Optimization of an Implicit LES Method for Underresolved Simulations of Incompressible Flows

In engineering applications resolution is often low. In these underresolved regions, the truncation error of the underlying numerical schemes strongly affects the solution. If the truncation error functions as a physically consistent subgrid-scale (SGS) model, i.e. it models the evolution of otherwise resolved scales, resolution may remain low. Thereby, computational efficiency is improved. The sixth-order adaptive central-upwind weighted essentially non-oscillatory scheme with implicit scale-separation, denoted as WENO-CU6M1, potentially allows for physically consistent implicit SGS modelling, when shaped accordingly.
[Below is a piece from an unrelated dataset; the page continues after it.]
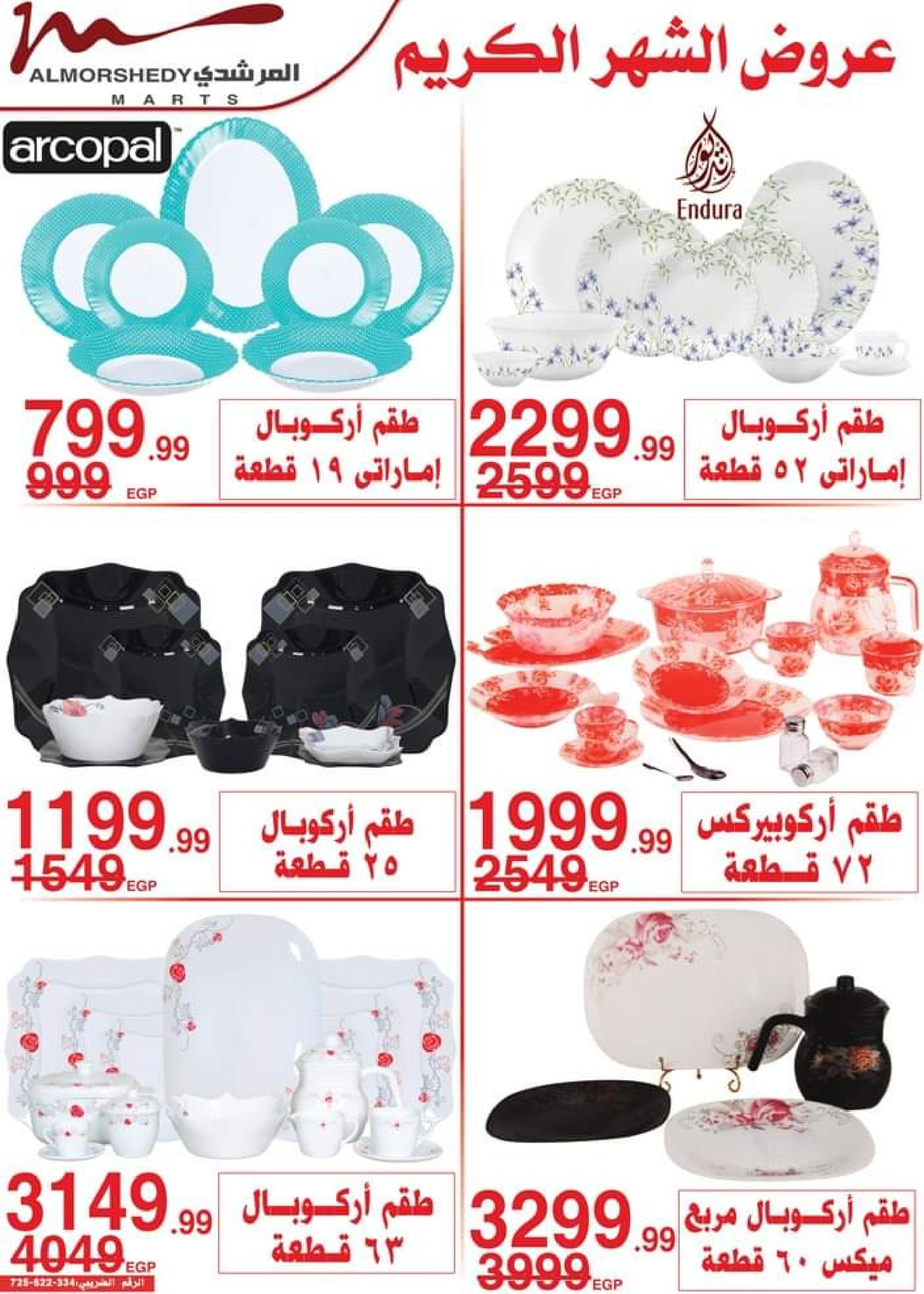 عروض أسواق المرشدى 6 أكتوبر من 11 حتى 16 ابريل 2023 عروض رمضان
In this work, finding an optimal formulation of WENO-CU6-M1 is considered within a deterministic design optimization framework. Possible surrogate modelling and sampling strategies are considered. Design optimization is based on evaluating the potential of a WENO-CU6-M1 scheme formulation to reproduce Kolmogorov scaling for a Taylor-Green vortex in its quasi-isotropic state. As in the absence of physical viscosity, kinetic-energy dissipates exclusively due to SGS, the Reynolds number is infinite and the evolution of the flow is determined by proper SGS modelling. To complete the work, we quantify the effective numerical dissipation rate of the WENOCU6-M1 model optimized for artificially compressible fluid flows and compare it to the original one.